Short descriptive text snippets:
○ ○ ○ ○ ○ ○ ○
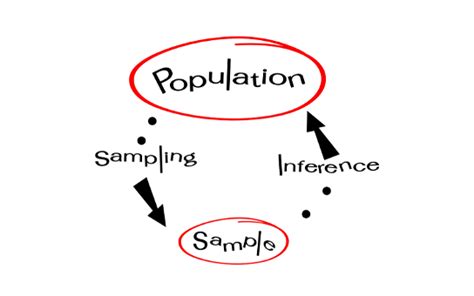 Quantitative Research Questions - Thesis Writing & Dissertation ...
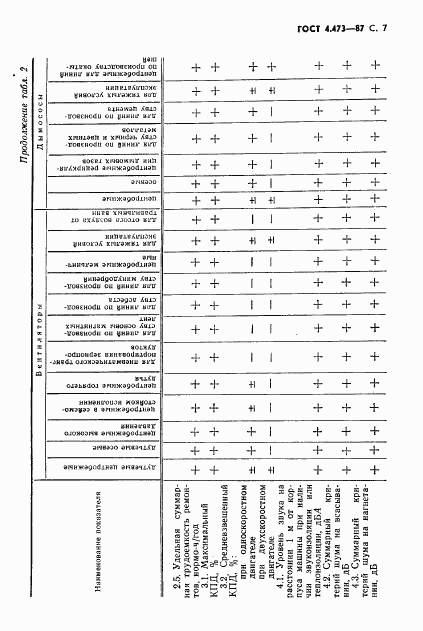 ГОСТ 4.473-87, страница 8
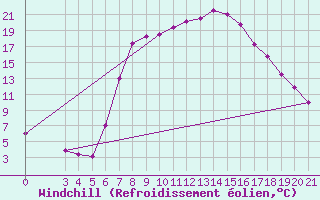 Courbe du refroidissement olien pour Pazin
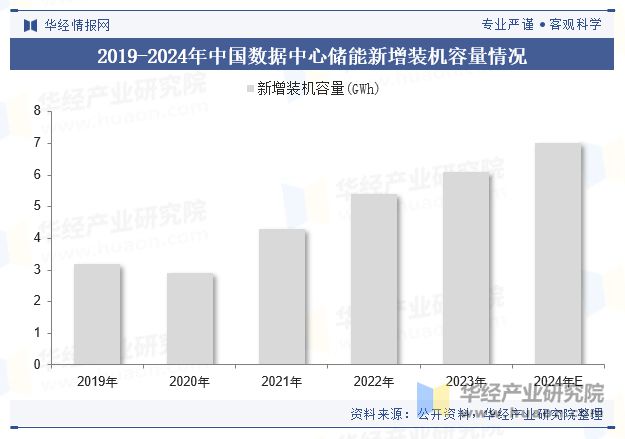 2024年全球及中国数据中心储能行业现状及展望人工智能及大数据技术将继续刺激市场需求「图」(图4)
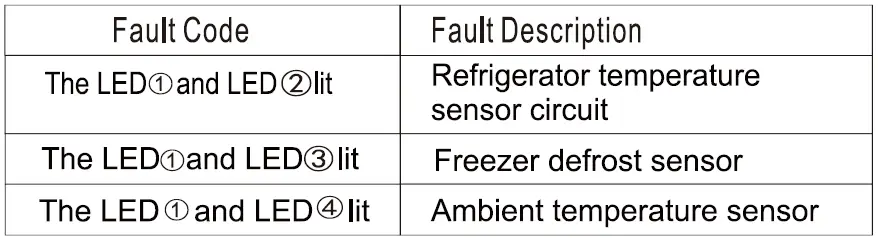 inventor-PS18861LIN-Bottom-Freezer-31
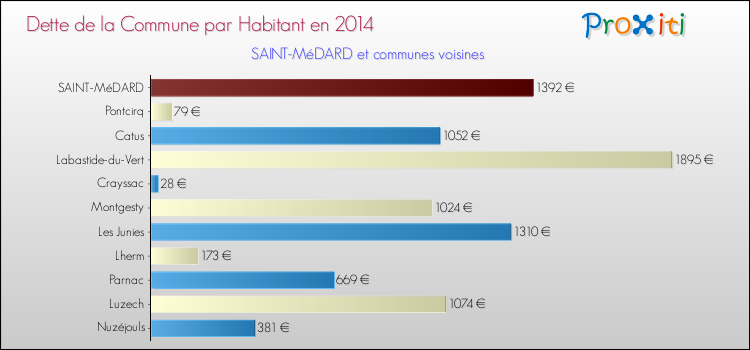 Dette par habitant de la commune en 2014 pour SAINT-MéDARD et les communes proches Comparaison de la dette par habitant de la commune en 2014 pour SAINT-MéDARD et les communes voisines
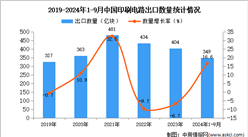 2024年1-9月中國印刷電路出口數據統計分析：出口量349億塊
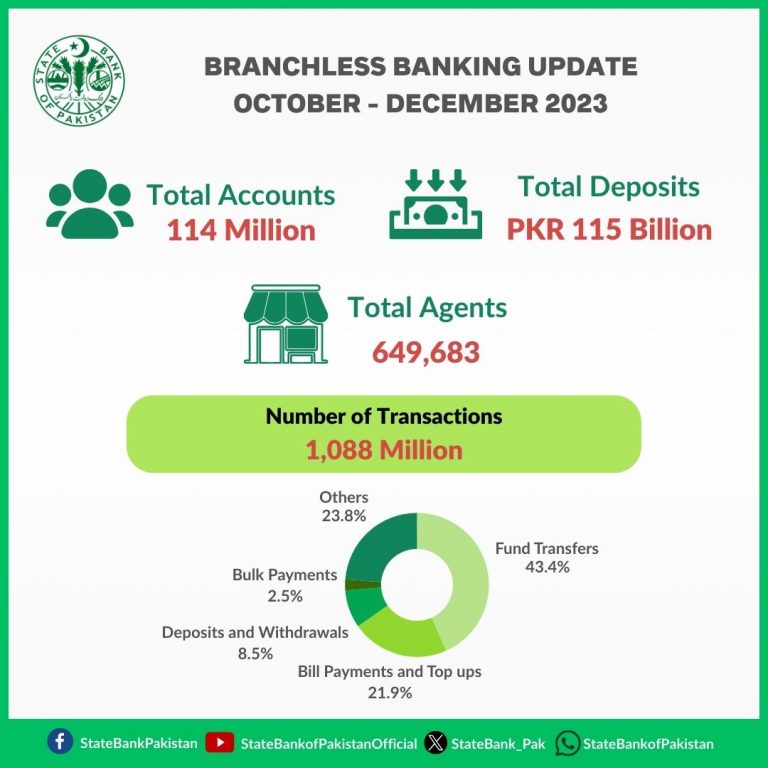 Branchless banking transactions surpass 1bn for first time in single quarter (2QFY24)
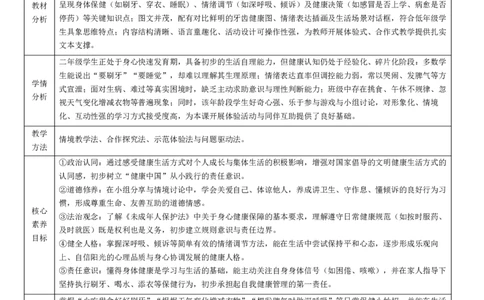 第1单元我乐观我向上(1)_26新二年级道法下册（统编版）_版本一_部编版道德与法治2下_2026春新版_第二套_02.道法2下教案汇总26春_核心素养教案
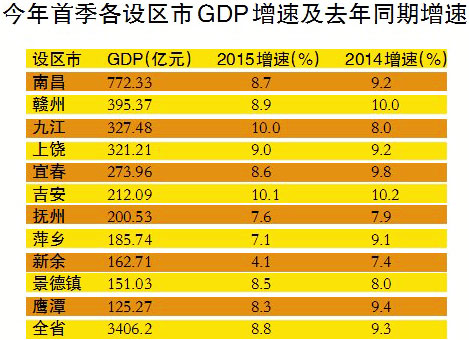 江西各设区市亮一季度成绩单 九江、吉安GDP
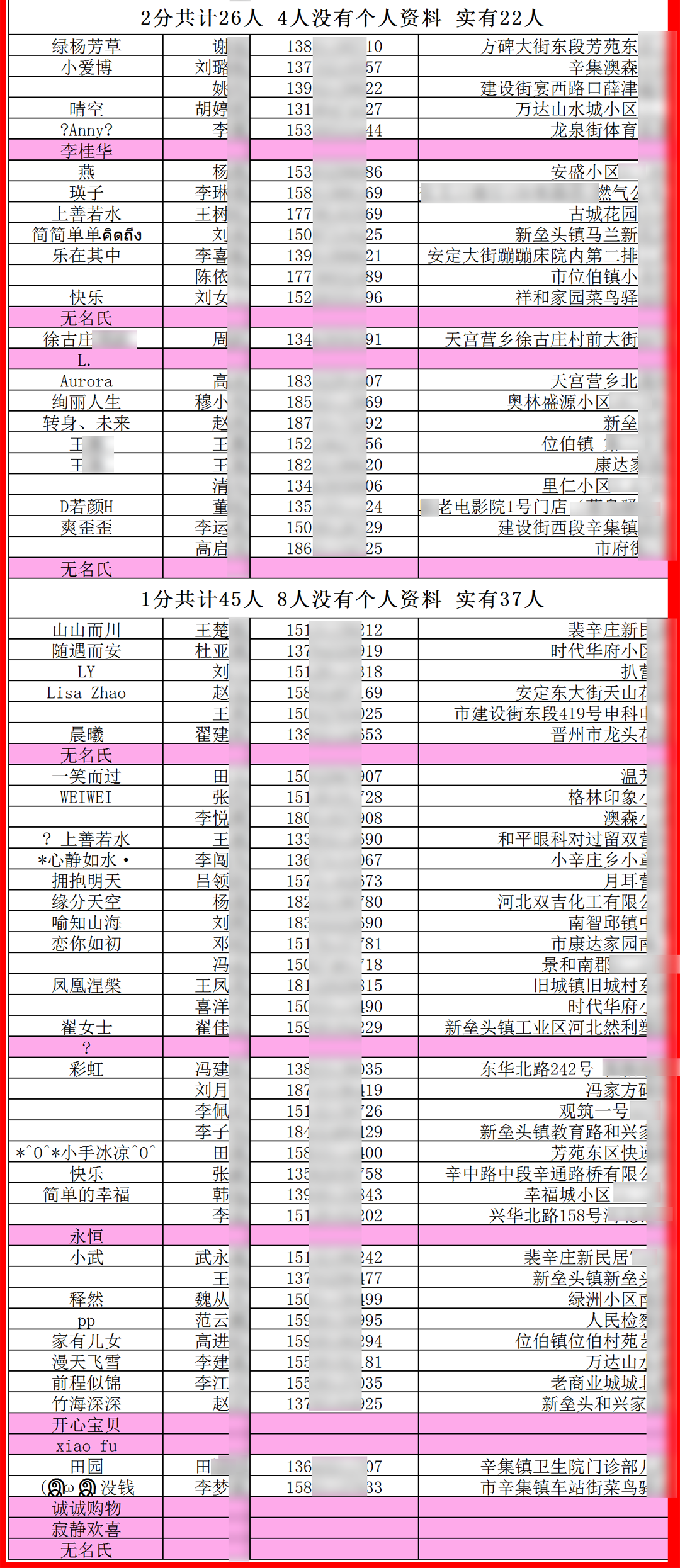 獎品郵寄到家！166名獲獎?wù)呙麊喂? onmousewheel=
○ ○ ○ ○ ○ ○ ○
> To do: Output exactly, and only, the lines of the entries above from the one with "2024年全球及中国数据中心" up to and including the one with "les communes voisines"; pictures are to be left out.

> Solution:
 2024年全球及中国数据中心储能行业现状及展望人工智能及大数据技术将继续刺激市场需求「图」(图4)
 inventor-PS18861LIN-Bottom-Freezer-31
 Dette par habitant de la commune en 2014 pour SAINT-MéDARD et les communes proches Comparaison de la dette par habitant de la commune en 2014 pour SAINT-MéDARD et les communes voisines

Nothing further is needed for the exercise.